Другой круг производных от корабля проблем возникает тогда, когда проблемы первого круга: интегрирующая навыки, структурирующая социальность, вырабатывающая линии общего интереса, воспроизводящая противоречие-тождество двусубъектной деятельности (слово-дело) роли корабля, осознаются как исходные моменты поиска антиципаций. Другими словами, выделив эти роли как функции и потому уже отправив их из истории в объект по формулам типа: всякий раз, когда в ситуациях типа Эгейской будет появляться многовесельный корабль, он будет воздействовать на ситуацию в таких-то и таких-то направлениях, мы теперь, получив шоры рабочей ретроспекции, обязаны вернуться к истории, к корпусу сохранившихся свидетельств и проследить диффузию порождаемых палубой новых связей и соотношений, меру этой диффузии-распространения и т.п.

Следы влияния палубных отношений обнаруживаются повсеместно. Пытаясь, например, анализировать структуру Одиссеева дома - высшей социальной единицы гомеровской эпохи, - мы тут же обнаруживаем палубный принцип: а) есть низшая палуба безымянных рабов - животворящая и универсальная материя Одиссеева дома, занятая полусотней рабынь и каким-то количеством рабов, "на работе порознь живущих" (Одиссея, XVI, 318-319); б) есть средняя палуба рабов, сохраняющих имена - Филойтий, Евмей, Меланфий, Евриклея, Евринома, Меланфо и т.п.; в) есть, так сказать, капитанский мостик повелителя дома. Отношения между палубами строятся по типичной двусубъектной схеме: верхняя функционирует в режиме программирования, нижняя - исполнения.

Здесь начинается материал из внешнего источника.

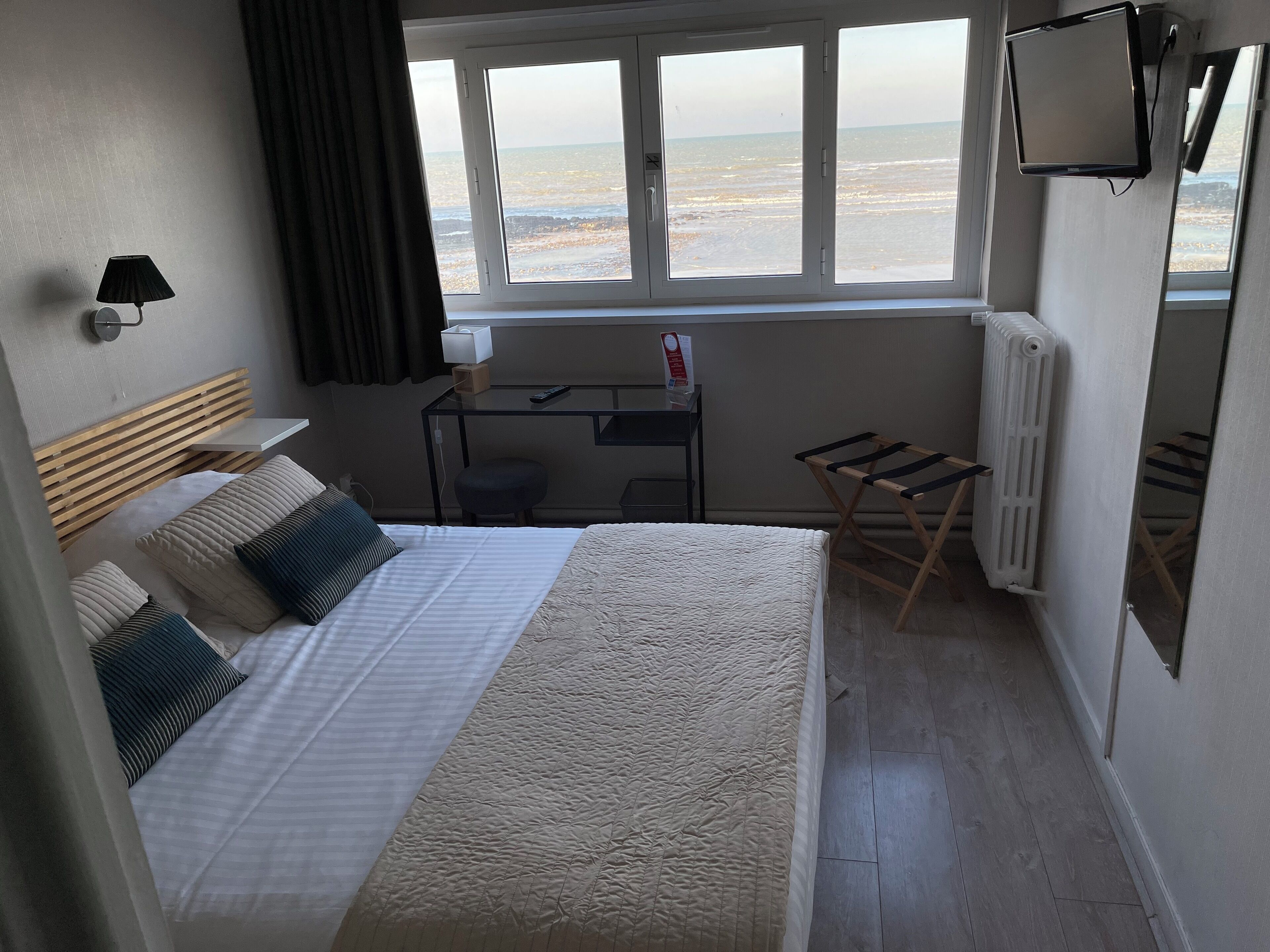 A bedroom with a bed, a desk, a chair, a radiator, and a window with a view of the beach.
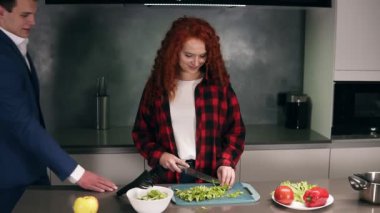 İş dünyasındaki adam, şık takım elbiseli adam işten eve döner ve dikkatli, güzel karısı tarafından bekletilir ve bir akşam yemeği hazırlar. Yakışıklı koca kadınını öper ve ona sarılır. Çatı katı mutfağı.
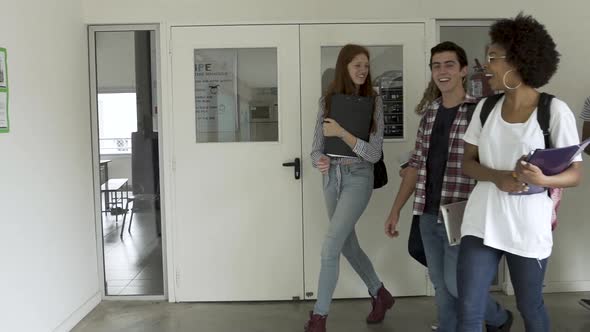 Students walking and cheering in college corridor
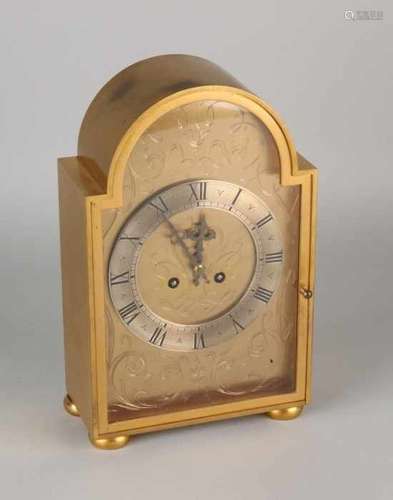 Heavy brass pendulum with upper balance. Eight-day movement, half-hourly on bell. Signed Just. Size:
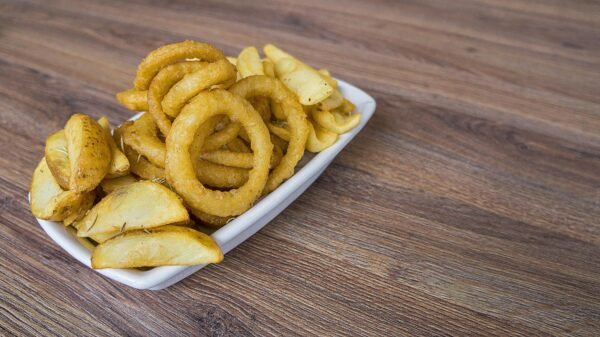 A delicious serving of crispy onion rings and potato wedges on a wooden table.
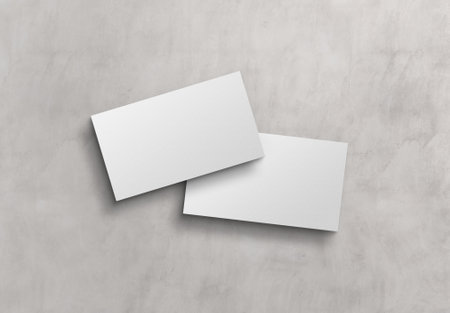 Two white business card Mockup. American size calling card front and back on concrete surface 3D renderingの写真素材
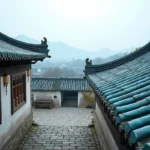 Toit bleu traditionnel en tuiles de céramique d'un village chinois avec ornements sculptés et murs blanchis à la chaux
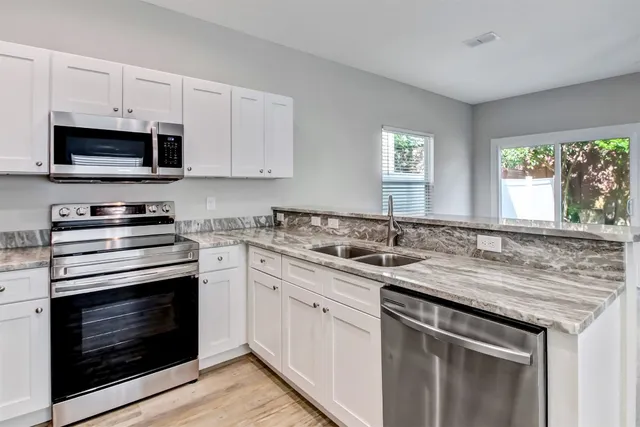 a kitchen with stainless steel appliances granite countertop a sink stove a microwave and cabinets
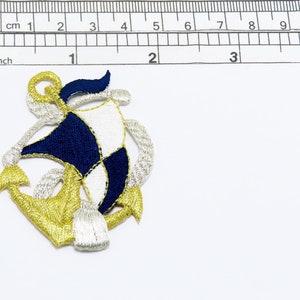 May include: A gold, white, and blue embroidered anchor patch. The anchor is surrounded by a white rope design.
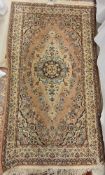 A Persian rug, the central panel set with a floral decorated medallion of a pale pink ground,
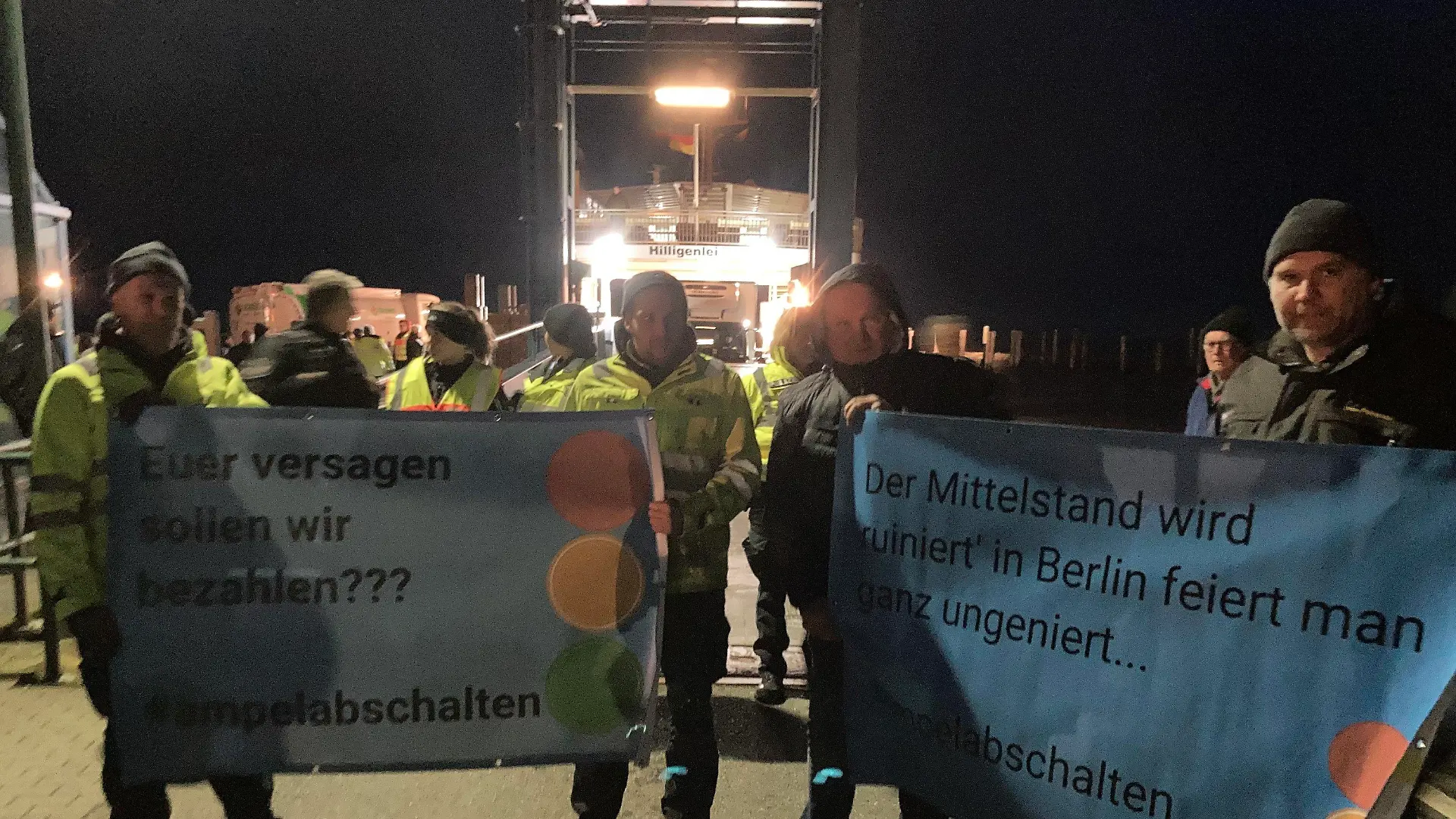 SCREENSHOT - 04.01.2024, Schleswig-Holstein, Schüttsiel: Landwirte stehen mit Plakaten mit der Aufschrift "Euer Versagen sollen wir bezahlen??? #ampelabschalten" am Fähranleger. Wütende Bauern hinderten Vizekanzler Robert Habeck (Grüne) in Schlüttsiel in Schleswig-Holstein am Verlassen einer Fähre. Wie ein Polizeisprecher der Deutschen Presse-Agentur sagtes, habe  Habeck, der auch Wirtschaftsminister ist, deshalb wieder auf die Hallig Hooge zurückkehren müssen. Nach Angaben der Polizei handelte es sich um mehr als hundert Demonstranten. Foto: Hagen Wohlfahrt/Schleswig-Holsteinischer Zeitungsverlag/dpa - ACHTUNG: Nur mit vollständiger Nennung des vorstehenden Credits +++ dpa-Bildfunk +++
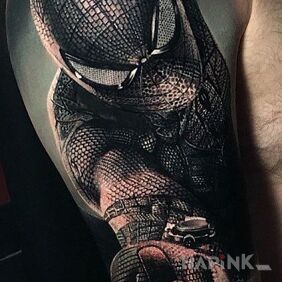 Tattoo Black Spider-Man on the upper arm motif: characters style: realistic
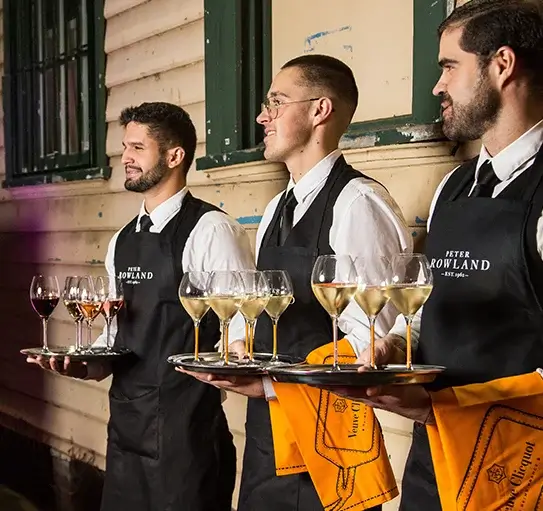 Chef plating gourmet canapés for corporate catering event in Melbourne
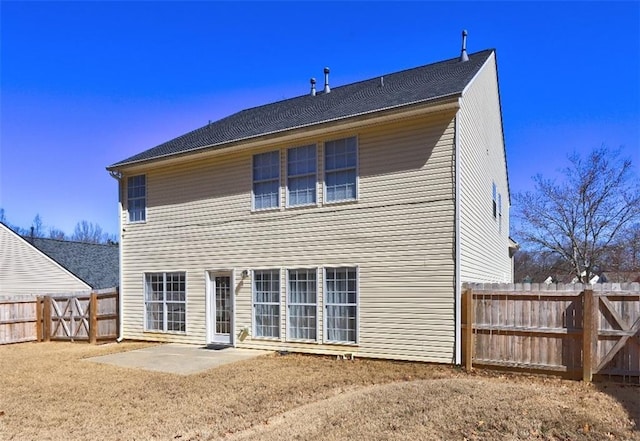 rear view of house featuring a fenced backyard and a patio area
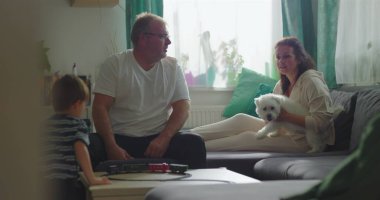 Baba ve çocuk sehpanın üzerinde oyuncak trenle etkileşime giriyor, anne arka planda beyaz köpeği tutuyor, yakın aile bağı ve kapalı alanda kaynaşma.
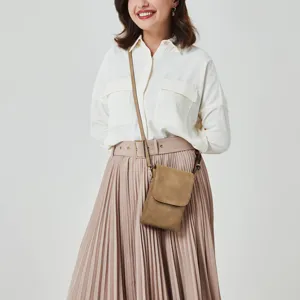 Model wearing a tan PU leather crossbody phone bag with a white shirt and pleated skirt.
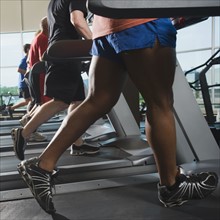 Men running on treadmills. Date: 2008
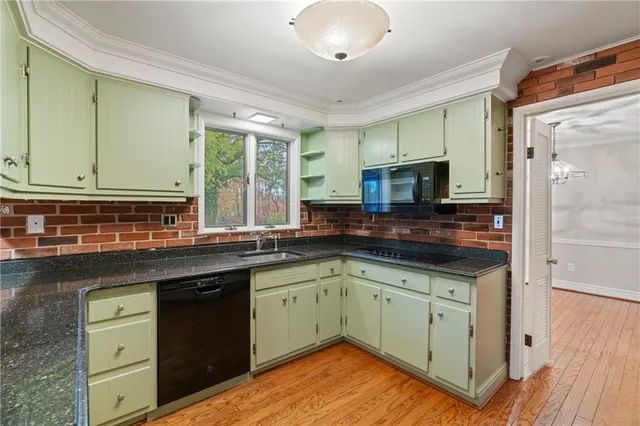 a kitchen with a sink stove and cabinets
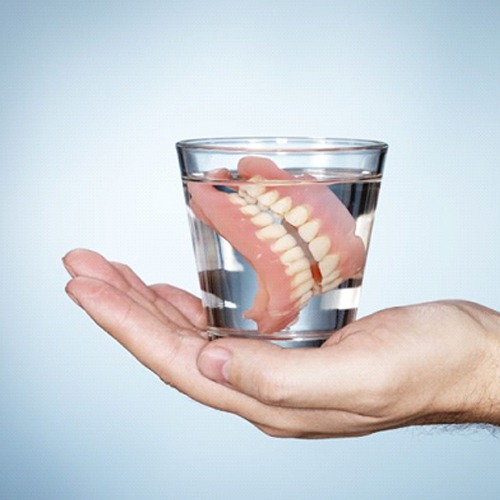 dentures in glass of water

Выявляя распространенность отношения "слово - дело", мы уже у Гомера обнаруживаем четкое различение знака и деятельности с постоянным акцентом на примате слова: все беды в поэмах происходят из-за нерадивости дела в подчинении слову, и даже прощенное своеволие (случай с Еврилохом. Одиссея, X, 429-43) ведет к катастрофе (Одиссея, XII, 350-420). Почтительное и уважительное отношение к слову, к умению формализовать ситуацию в слове, добиваться своих целей с помощью слова - особенность поэм. Афина, например, говорит Одиссею: "Мы оба любим хитрить. На земле ты меж смертных разумом первый, также и сладкою речью; я первая между бессмертных мудрым умом и искусством на хитрые вымыслы" (Одиссея, XIII, 296-298). Но при всем том, разрыв-комплекс слова и дела определенно ощущается Гомером как нечто новое и недостаточно еще освоенное. Он пока еще не умеет ограничиваться в описаниях либо планом слова, либо планом дела, для него характерна парность описаний: сначала описывается, как сказано, а затем через связку типа "его повинуяся слову", - как сделано. Обычно это полные повторы (см., например: Одиссея, XXII, 171-200). У Гомера впервые появляется и характерный лексический комплекс "говорить-делать" (Xeyslv ка1 7toisTv), который потом можно будет обнаружить у многих авторов, включая Гераклита и Платона.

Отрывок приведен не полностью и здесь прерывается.